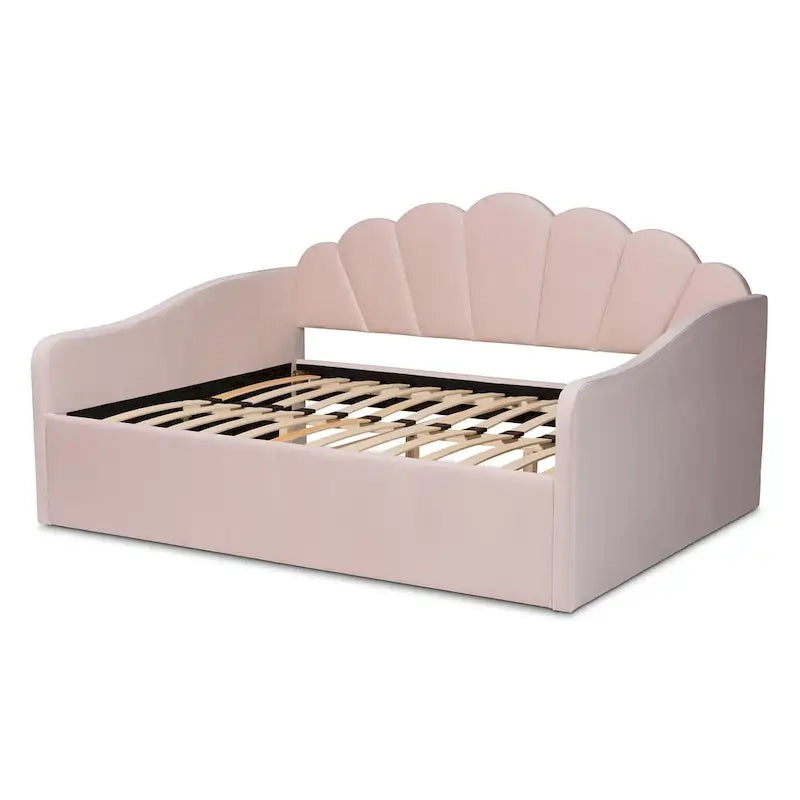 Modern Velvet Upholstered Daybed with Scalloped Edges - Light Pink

==

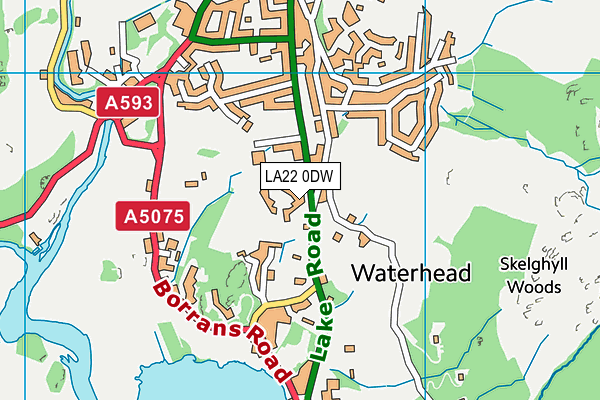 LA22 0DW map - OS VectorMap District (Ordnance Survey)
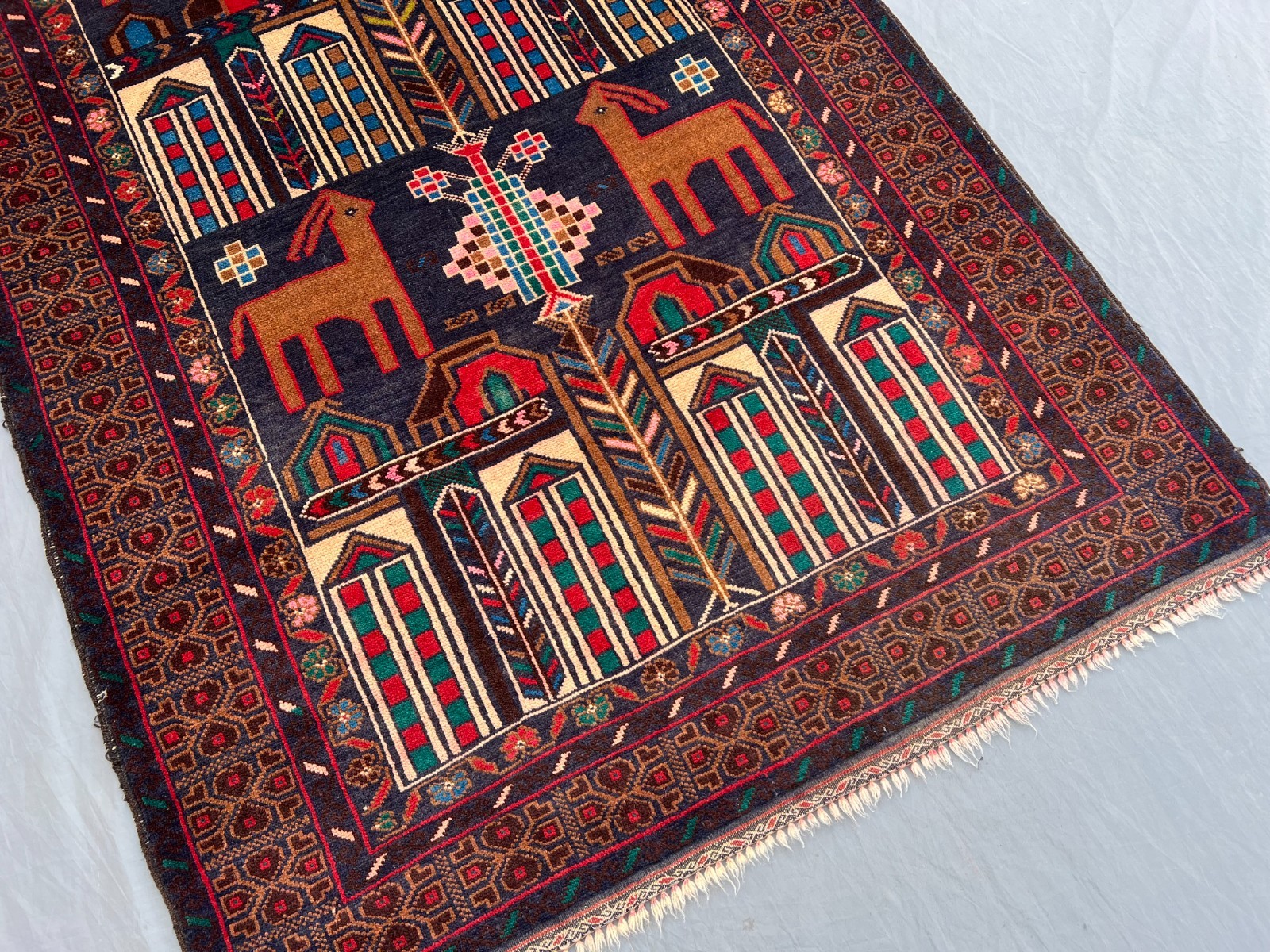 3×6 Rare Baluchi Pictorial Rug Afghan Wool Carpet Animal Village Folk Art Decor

— Assignment —
Leave the pictures out. Output, exactly, the lines of the material above starting at the line containing "LA22 0DW map" and ending at the line containing "3×6 Rare Baluchi".

— The answer —
 LA22 0DW map - OS VectorMap District (Ordnance Survey)
 3×6 Rare Baluchi Pictorial Rug Afghan Wool Carpet Animal Village Folk Art Decor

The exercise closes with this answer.